### Stored data:
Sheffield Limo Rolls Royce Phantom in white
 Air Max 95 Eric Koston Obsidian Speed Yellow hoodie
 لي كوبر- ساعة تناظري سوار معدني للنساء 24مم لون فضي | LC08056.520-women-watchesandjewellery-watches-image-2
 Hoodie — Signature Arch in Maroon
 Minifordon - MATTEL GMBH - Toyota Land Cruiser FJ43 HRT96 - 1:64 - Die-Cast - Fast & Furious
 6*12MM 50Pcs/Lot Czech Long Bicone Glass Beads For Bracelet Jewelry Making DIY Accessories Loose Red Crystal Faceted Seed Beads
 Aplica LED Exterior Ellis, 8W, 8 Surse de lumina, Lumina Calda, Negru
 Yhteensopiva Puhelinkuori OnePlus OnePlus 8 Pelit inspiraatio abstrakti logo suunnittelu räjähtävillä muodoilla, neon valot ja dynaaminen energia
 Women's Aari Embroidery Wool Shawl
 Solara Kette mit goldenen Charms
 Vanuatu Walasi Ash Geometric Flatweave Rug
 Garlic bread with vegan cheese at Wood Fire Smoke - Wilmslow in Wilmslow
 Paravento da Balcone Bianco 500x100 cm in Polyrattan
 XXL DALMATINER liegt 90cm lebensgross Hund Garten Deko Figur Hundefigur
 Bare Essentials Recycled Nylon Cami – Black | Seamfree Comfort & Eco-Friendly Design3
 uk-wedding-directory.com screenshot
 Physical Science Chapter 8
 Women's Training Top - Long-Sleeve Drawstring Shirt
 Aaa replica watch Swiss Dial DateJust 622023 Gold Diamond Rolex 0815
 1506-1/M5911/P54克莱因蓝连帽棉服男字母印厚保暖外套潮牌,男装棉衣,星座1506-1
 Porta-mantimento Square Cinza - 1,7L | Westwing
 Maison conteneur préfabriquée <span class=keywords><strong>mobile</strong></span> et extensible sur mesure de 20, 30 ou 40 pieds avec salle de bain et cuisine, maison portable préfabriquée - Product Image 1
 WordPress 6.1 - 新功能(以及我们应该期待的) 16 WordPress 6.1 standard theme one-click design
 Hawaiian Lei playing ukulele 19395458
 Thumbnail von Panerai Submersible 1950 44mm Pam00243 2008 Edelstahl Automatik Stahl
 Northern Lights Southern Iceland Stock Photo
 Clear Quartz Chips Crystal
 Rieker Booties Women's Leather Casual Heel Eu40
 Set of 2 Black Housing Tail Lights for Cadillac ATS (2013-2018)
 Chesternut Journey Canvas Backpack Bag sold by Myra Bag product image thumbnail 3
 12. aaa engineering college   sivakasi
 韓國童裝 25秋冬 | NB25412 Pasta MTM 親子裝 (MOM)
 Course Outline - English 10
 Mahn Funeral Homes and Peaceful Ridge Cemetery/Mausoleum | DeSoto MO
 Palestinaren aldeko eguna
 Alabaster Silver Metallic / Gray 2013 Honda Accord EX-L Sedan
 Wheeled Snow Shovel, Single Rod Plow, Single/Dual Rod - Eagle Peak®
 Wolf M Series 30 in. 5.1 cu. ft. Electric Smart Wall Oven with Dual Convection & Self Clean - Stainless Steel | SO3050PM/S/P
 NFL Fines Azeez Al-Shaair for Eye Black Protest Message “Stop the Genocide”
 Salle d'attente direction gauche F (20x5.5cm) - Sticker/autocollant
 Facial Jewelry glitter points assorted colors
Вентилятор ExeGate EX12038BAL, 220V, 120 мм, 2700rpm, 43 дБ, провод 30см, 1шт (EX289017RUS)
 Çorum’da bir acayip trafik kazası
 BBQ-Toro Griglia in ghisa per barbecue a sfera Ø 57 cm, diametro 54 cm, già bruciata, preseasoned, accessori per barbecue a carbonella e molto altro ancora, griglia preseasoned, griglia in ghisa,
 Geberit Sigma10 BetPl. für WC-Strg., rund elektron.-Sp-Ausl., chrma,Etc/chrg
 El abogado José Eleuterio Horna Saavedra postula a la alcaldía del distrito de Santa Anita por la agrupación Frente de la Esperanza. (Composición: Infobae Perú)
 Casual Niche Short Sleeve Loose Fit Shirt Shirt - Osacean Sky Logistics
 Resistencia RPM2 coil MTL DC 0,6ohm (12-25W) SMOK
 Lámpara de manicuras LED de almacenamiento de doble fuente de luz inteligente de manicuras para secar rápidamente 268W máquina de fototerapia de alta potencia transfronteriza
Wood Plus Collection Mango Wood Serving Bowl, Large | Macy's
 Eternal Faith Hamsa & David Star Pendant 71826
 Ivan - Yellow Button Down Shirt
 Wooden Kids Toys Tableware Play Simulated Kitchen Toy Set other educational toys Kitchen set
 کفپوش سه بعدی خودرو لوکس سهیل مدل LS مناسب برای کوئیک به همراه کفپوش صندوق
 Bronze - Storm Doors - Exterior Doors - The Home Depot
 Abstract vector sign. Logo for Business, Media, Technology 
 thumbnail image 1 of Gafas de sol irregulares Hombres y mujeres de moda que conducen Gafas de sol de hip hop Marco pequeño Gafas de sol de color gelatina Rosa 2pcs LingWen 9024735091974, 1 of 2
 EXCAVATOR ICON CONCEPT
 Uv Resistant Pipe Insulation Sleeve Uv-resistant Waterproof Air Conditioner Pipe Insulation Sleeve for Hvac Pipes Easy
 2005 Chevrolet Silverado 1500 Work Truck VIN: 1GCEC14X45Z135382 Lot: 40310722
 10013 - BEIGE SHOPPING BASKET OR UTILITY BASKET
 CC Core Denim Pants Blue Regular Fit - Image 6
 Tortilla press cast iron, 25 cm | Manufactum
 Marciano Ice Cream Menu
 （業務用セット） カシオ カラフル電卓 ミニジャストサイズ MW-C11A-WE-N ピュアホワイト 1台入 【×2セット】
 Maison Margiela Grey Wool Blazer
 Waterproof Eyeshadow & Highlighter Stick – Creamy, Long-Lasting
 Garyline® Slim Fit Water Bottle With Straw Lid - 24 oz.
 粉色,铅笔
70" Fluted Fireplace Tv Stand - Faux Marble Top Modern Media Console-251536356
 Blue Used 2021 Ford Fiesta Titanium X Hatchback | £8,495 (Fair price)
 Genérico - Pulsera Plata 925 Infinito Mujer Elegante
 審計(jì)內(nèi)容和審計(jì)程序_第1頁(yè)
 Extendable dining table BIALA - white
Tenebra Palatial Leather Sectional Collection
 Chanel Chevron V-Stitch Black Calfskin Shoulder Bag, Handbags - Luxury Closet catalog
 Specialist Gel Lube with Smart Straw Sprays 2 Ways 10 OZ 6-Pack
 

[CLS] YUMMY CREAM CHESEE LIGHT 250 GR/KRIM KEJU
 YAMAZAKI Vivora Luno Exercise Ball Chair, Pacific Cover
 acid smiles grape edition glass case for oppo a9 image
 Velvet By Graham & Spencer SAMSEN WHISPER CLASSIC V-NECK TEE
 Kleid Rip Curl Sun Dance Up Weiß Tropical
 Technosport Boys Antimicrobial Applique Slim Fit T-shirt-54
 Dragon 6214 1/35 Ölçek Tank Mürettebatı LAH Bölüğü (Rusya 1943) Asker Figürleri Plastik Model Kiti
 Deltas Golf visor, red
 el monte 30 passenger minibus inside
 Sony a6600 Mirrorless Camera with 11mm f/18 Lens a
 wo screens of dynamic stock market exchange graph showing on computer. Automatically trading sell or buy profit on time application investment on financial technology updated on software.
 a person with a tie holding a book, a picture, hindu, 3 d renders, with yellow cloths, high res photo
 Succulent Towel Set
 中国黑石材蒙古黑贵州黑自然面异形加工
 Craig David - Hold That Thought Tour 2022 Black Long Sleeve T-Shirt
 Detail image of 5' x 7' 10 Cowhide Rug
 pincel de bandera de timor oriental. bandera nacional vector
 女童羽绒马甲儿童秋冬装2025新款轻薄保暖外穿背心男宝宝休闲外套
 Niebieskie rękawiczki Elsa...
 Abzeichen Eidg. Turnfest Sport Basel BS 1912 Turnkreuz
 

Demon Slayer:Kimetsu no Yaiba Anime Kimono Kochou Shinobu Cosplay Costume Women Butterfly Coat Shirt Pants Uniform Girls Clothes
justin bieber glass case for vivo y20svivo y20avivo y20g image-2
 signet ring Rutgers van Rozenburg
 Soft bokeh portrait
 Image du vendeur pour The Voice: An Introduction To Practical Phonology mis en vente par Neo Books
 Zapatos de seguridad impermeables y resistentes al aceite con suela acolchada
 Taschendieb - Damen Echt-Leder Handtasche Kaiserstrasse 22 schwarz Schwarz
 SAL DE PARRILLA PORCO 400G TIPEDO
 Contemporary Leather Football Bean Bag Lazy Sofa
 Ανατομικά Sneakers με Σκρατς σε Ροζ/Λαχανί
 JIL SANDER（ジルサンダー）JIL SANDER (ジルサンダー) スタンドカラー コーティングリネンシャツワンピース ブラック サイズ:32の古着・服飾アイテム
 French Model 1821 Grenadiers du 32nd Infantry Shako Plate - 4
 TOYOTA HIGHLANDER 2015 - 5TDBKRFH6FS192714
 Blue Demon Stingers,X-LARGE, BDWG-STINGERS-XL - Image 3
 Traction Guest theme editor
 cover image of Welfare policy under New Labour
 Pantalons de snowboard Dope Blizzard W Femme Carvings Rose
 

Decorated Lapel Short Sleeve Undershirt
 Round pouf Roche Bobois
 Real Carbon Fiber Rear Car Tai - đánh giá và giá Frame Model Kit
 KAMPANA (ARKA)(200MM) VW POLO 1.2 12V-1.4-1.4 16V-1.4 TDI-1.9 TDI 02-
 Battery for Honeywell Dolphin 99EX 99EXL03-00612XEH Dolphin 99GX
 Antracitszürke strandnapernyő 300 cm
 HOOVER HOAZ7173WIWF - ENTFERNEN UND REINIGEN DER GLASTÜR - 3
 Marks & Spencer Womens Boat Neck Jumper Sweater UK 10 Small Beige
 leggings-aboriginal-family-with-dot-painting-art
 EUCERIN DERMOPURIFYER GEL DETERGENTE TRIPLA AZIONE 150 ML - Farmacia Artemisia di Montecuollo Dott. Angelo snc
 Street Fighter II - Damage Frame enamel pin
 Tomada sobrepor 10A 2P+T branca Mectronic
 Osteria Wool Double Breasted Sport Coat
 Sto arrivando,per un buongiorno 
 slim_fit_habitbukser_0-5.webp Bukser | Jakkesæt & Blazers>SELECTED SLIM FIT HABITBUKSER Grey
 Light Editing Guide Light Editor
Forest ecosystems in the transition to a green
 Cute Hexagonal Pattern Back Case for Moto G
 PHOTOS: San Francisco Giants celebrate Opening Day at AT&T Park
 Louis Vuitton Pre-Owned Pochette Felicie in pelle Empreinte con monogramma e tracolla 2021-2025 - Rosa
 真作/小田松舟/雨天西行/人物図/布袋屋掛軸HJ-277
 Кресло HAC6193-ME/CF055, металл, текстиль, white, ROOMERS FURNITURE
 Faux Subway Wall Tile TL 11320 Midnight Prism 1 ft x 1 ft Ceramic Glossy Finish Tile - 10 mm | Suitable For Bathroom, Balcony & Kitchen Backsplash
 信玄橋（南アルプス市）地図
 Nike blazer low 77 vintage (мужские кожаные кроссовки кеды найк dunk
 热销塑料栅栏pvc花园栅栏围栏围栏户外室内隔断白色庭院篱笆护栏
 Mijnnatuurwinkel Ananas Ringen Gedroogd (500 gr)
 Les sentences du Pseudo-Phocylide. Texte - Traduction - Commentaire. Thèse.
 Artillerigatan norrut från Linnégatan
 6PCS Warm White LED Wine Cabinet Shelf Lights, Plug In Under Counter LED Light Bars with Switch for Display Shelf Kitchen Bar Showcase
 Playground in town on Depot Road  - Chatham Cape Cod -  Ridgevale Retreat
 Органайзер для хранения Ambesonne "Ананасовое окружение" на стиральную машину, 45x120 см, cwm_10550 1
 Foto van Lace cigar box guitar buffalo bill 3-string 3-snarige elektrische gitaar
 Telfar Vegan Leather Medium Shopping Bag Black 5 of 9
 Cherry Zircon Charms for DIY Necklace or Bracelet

### Work to complete:
In the entries above, find the line with "Dragon 6214 1/35" and the line with "Niebieskie rękawiczki Elsa...", then restate word for word both of them and every line between, with nothing more.

### Answer to the problem:
 Dragon 6214 1/35 Ölçek Tank Mürettebatı LAH Bölüğü (Rusya 1943) Asker Figürleri Plastik Model Kiti
 Deltas Golf visor, red
 el monte 30 passenger minibus inside
 Sony a6600 Mirrorless Camera with 11mm f/18 Lens a
 wo screens of dynamic stock market exchange graph showing on computer. Automatically trading sell or buy profit on time application investment on financial technology updated on software.
 a person with a tie holding a book, a picture, hindu, 3 d renders, with yellow cloths, high res photo
 Succulent Towel Set
 中国黑石材蒙古黑贵州黑自然面异形加工
 Craig David - Hold That Thought Tour 2022 Black Long Sleeve T-Shirt
 Detail image of 5' x 7' 10 Cowhide Rug
 pincel de bandera de timor oriental. bandera nacional vector
 女童羽绒马甲儿童秋冬装2025新款轻薄保暖外穿背心男宝宝休闲外套
 Niebieskie rękawiczki Elsa...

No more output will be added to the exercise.